Nearly 60,000 far-right extremists are now on Germany's intelligence radar, according to a leaked BfV report. That is a figure that should make any investor, or indeed any taxpayer, sit up and take notice. It is not just a security problem. It is a fiscal liability.
Let us run the numbers. A security apparatus stretched to monitor this many actors means higher spending on policing, surveillance, and justice. The German state already shoulders a heavy welfare burden. Add to that the cost of deradicalisation programmes, potential terror attacks, and the erosion of social trust, and you have a significant drag on productivity. Capital flight follows instability. Businesses hate uncertainty.
The report, obtained by German media, paints a grim picture. The far-right scene is not just a fringe. It is a network spanning political parties, paramilitary groups, and online propaganda machines. The Alternative for Germany party, while not explicitly named, has been under scrutiny for years. Its more radical elements blur the line between protest and extremism.
This is where the market metaphor becomes stark. Extremism is a tax on society. It diverts resources from productive investment to defensive spending. It damages Germany's reputation as a stable anchor in the Eurozone. Already, bond yields are twitchy. The Bund, once the benchmark of safety, is now vulnerable to political risk.

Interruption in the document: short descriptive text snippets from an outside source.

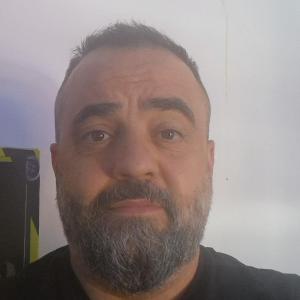 Roberto G.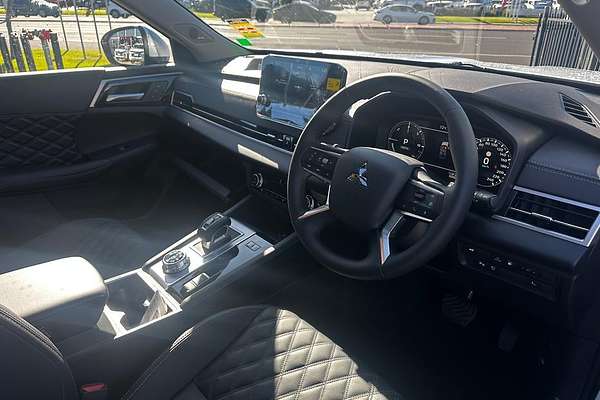2024 Mitsubishi Outlander PHEV Exceed ZM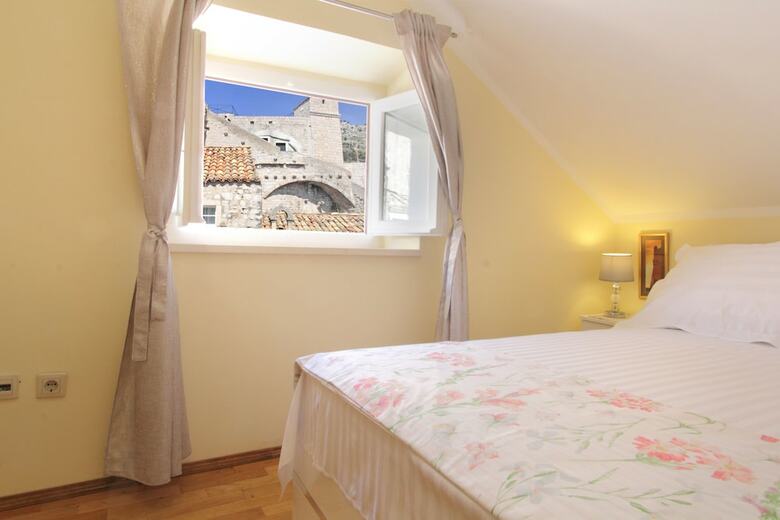 Apartments Kovac Old Town
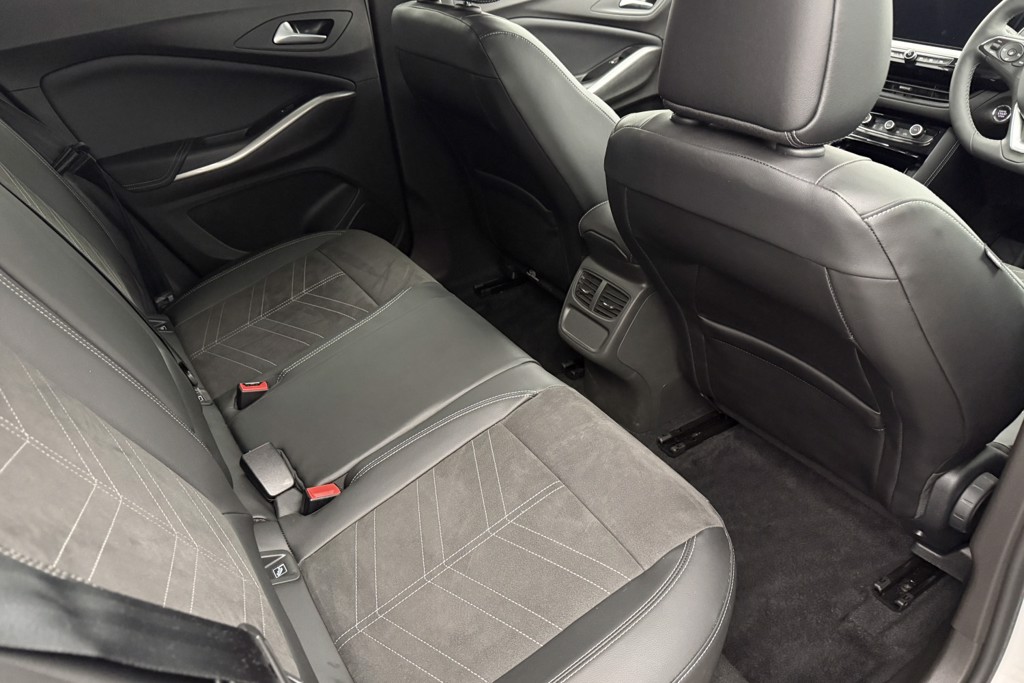 Vauxhall Grandland Ultimate Manual Petrol SUV - Stock Number (1539532) - 22nd supplementary image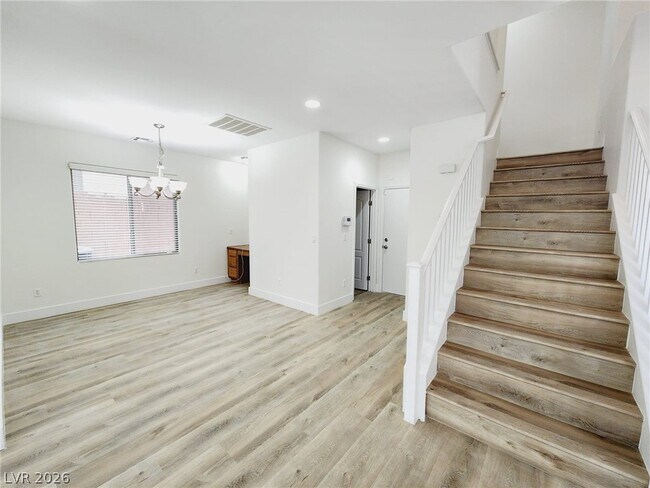 Building Photo - 7445 Calzado Dr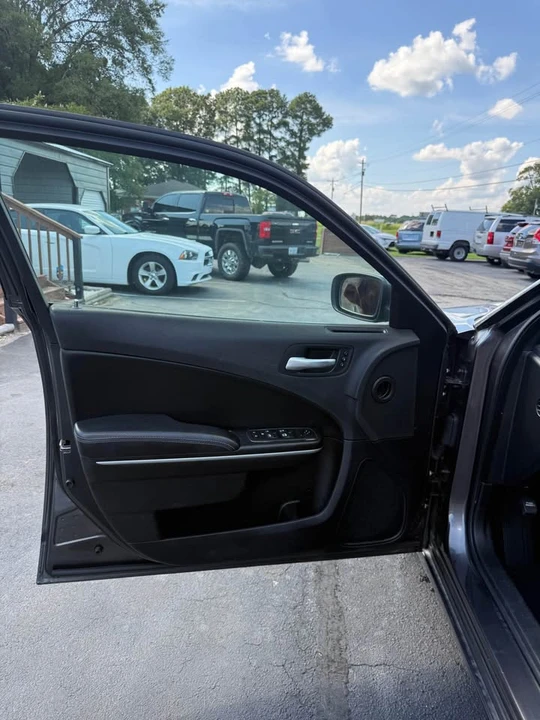 2020 Dodge Charger 7th Gen - Image 9 of 12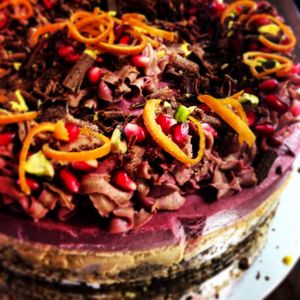 special order cake, raw, organic, gluten free and vegan at Shokuiku in Northcote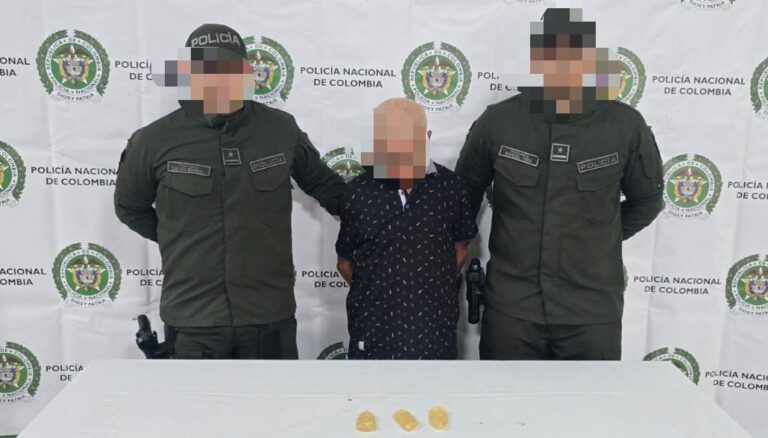 Detienen a mula del narcotrafico en el Aeropuerto de Cartagena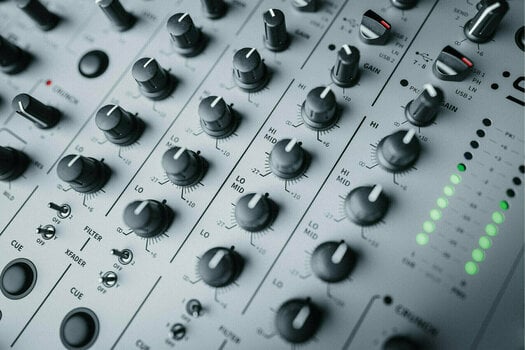 Mixer de DJ Allen & Heath XONE:96 Mixer de DJ - 9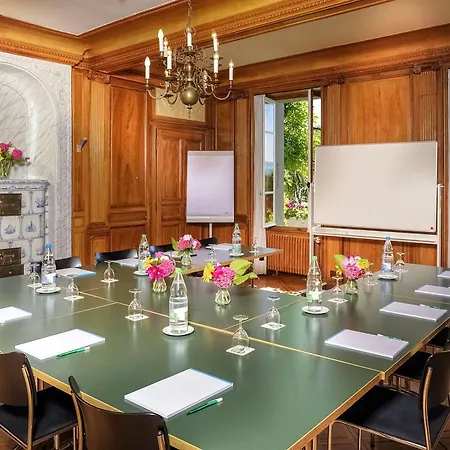 Hotel Chateau De Bossey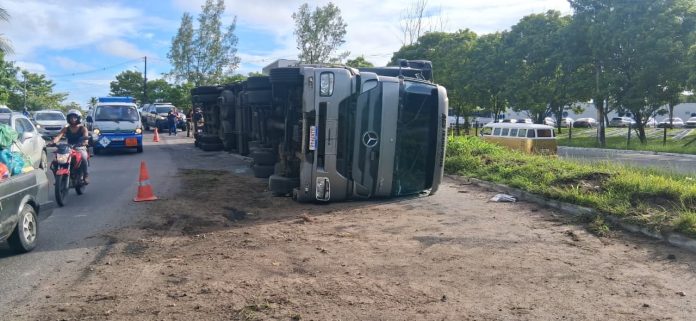 Carreta tomba na BR-101, em Paulista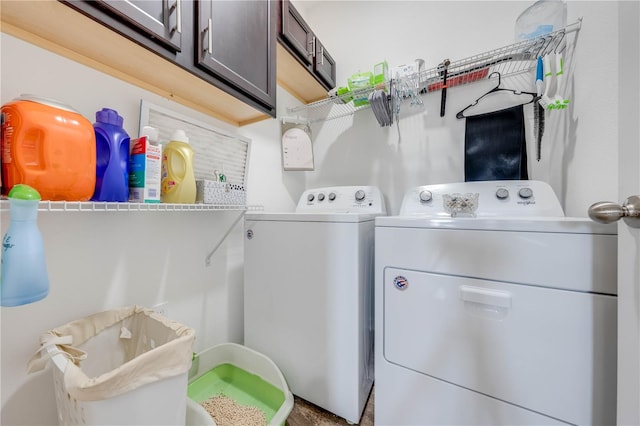 washroom featuring cabinets and washing machine and dryer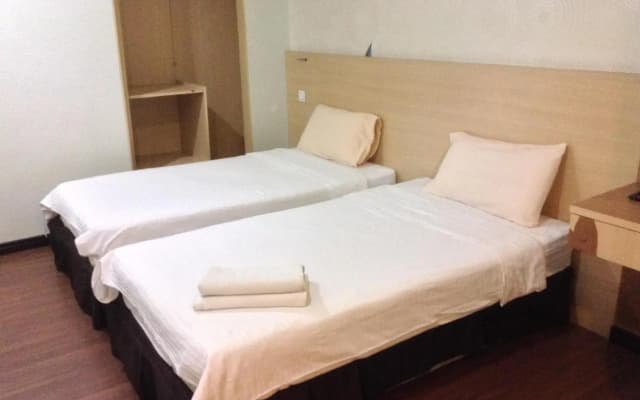 Maxim Hotel - photo 3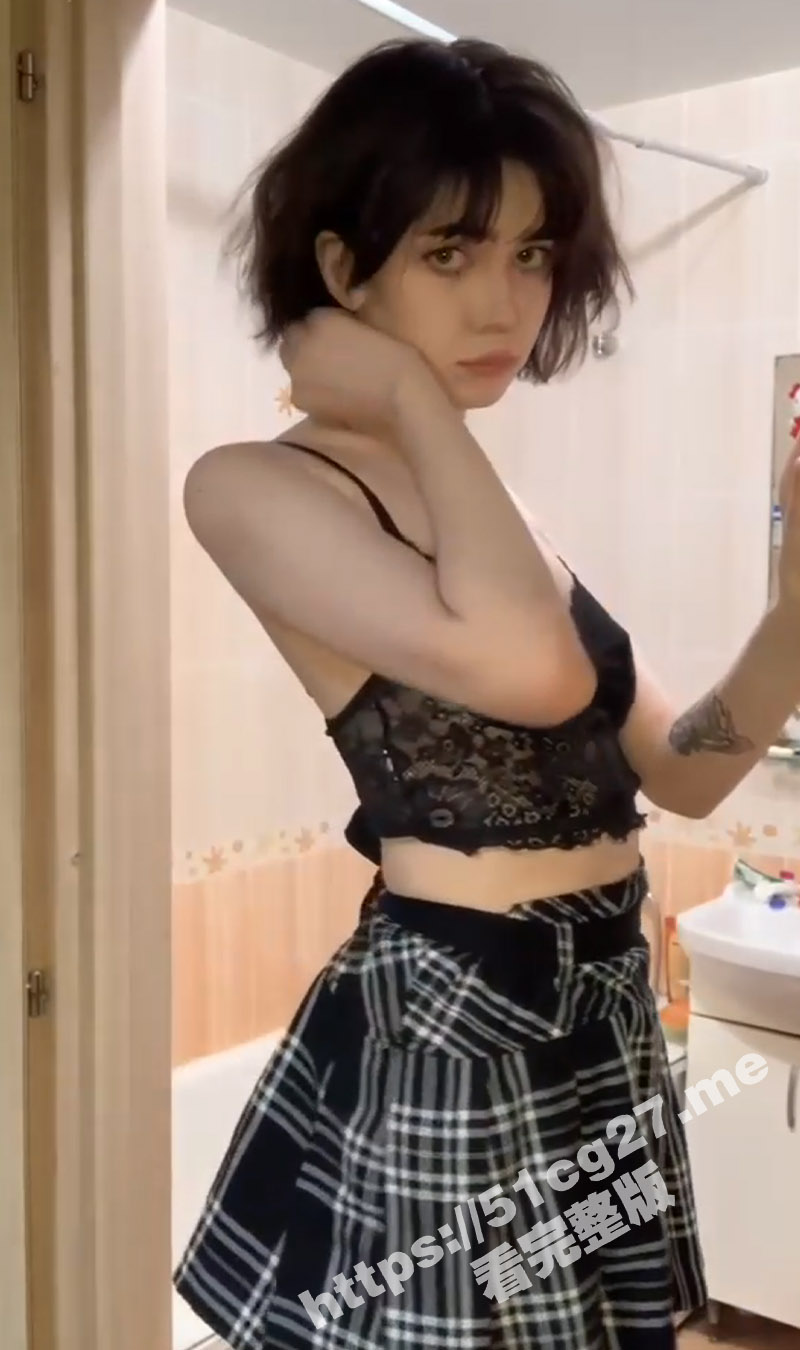 欧美冷白皮短发美女 SmallDoll 全方位展示身体 脸蛋漂亮腿又长 主动女上位骑乘快速抽插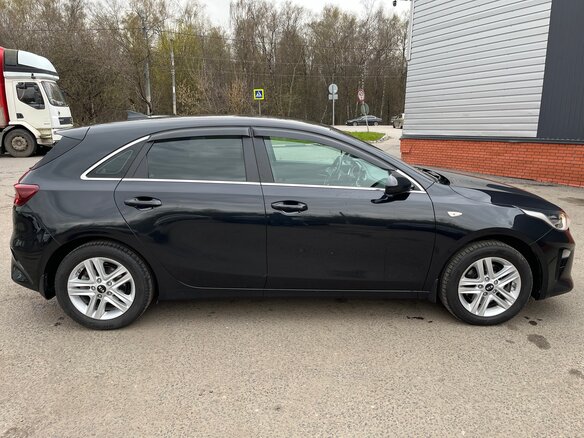 2019 Kia Ceed III, чёрный - вид 2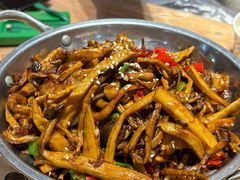 -江城燕子大排档(江汉路步行街店)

The BfV estimates that one in three far-right extremists is violent. That is 20,000 potential troublemakers. A single major incident could trigger a market sell-off. Remember the 2016 Berlin Christmas market attack? The DAX dropped 2% in a day. The ripple effects on tourism and consumer confidence lasted months.
But the deeper problem is cultural. Germany's post-war identity was built on 'Nie wieder.' Never again. That consensus is fraying. When a fifth of east Germans say they could vote for a far-right party, you have a systemic issue. The government's response has been to fund more civil society projects, but that is like throwing money at a leaky roof without fixing the structure.
What would a rational response look like? First, cut the fat from welfare that enables dependency. Second, enforce integration like a compliance officer. Third, stop pretending that unlimited immigration doesn't strain the system. The far-right feeds on grievances. Starve them of ammunition.
Instead, we get more bureaucracy. More reports. More committees. The cost of inaction is compounding daily. If Germany wants to remain Europe's economic engine, it must treat extremism as a fiscal emergency. Otherwise, the bill will come due. And it will be far higher than 60,000 troublemakers.